Sunday, November 7, 2021

Fiji artesian water

Canadian hotelier and businessman David Gilmour founded the FIJI Water Company in 1996 under the name Natural Waters of Viti Ltd.

Gilmour was the owner of the exclusive Wakaya Club hotel, on its own private island off Levuka that he had purchased in 1972, where he noticed that guests (including specifically Bill Gates) brought in their own bottled water.

Stories claim that Wakaya‘s guests had drinking water flown in from thousands of miles away while vacationing there, partially out of fear of the local drinking water supply on the remote tropic island and partially out of their desire to consume luxury goods.

As an entrepreneur, Gilmour set out to find a nearby water source containing an abundance of high-quality water in which to invest, and he found one. With geologists from his Barrick Gold Company, he confirmed a source of water in the Yaqara valley and took out a long-term lease on 20 acres, where the bottling plant was constructed, in his intention to ‘produce a bottled water as unique as the islands themselves’.
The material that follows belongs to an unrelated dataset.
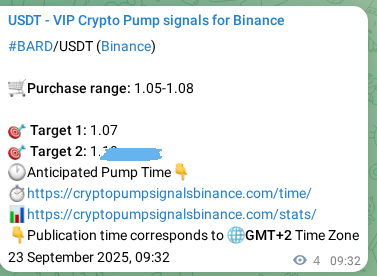 Proof of BARD pump signal on Binance at 23 September 2025, 09:39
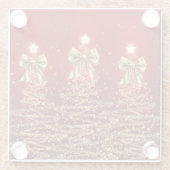 Christmas Sparkling Trees Red Gold Faux Bow  Glazen Onderzetter (Achterkant)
The subsequent development of Gilmour‘s water company, known as Natural Waters of Viti Levu in Fiji was assisted by both his past business and government connections from his resort development in Fiji and the favorable business conditions provided in Fiji.

Fiji Water developed a simple product that has come to be a symbol of high class and support for the environment. Bottled water is a luxury product which the Fiji company claims is made with “sustainable practices‟. Fiji Water is classified as “artesian” water. Artesian water, unlike spring or glacier water, is extracted from an artesian aquifer, which is a chamber of water confined within impermeable rock walls of a primordial volcanic crater; in this case it is nestled at the “edge of a primitive rainforest.”

The source of water Gilmour located was a 17 miles long pristine aquifer in Fiji‘s Yaqara Valley, located on the northern part of the largest Fijian island of Viti Levu. The particular land Gilmour chose was crown or national land owned by the Fijian government. He then obtained a 99-year lease that has allowed Fiji Water to tap the resource. The government has not been able to build the infrastructure or front the funds needed to tap into the aquifer for use by its own people, and so Fiji Water has nearly exclusive access to this crucial source of fresh water.

The first sales to the USA began in 1997. Subsequent years demonstrated exponential growth. From 1998 to 2000 production went from 10 million bottles to 25 million bottles, and a new factory had to be constructed.

In 2004 private company Roll International owned by a wealthy couple, Steward and Lynda Resnick purchased Fiji Water from Gilmour for US$50 million.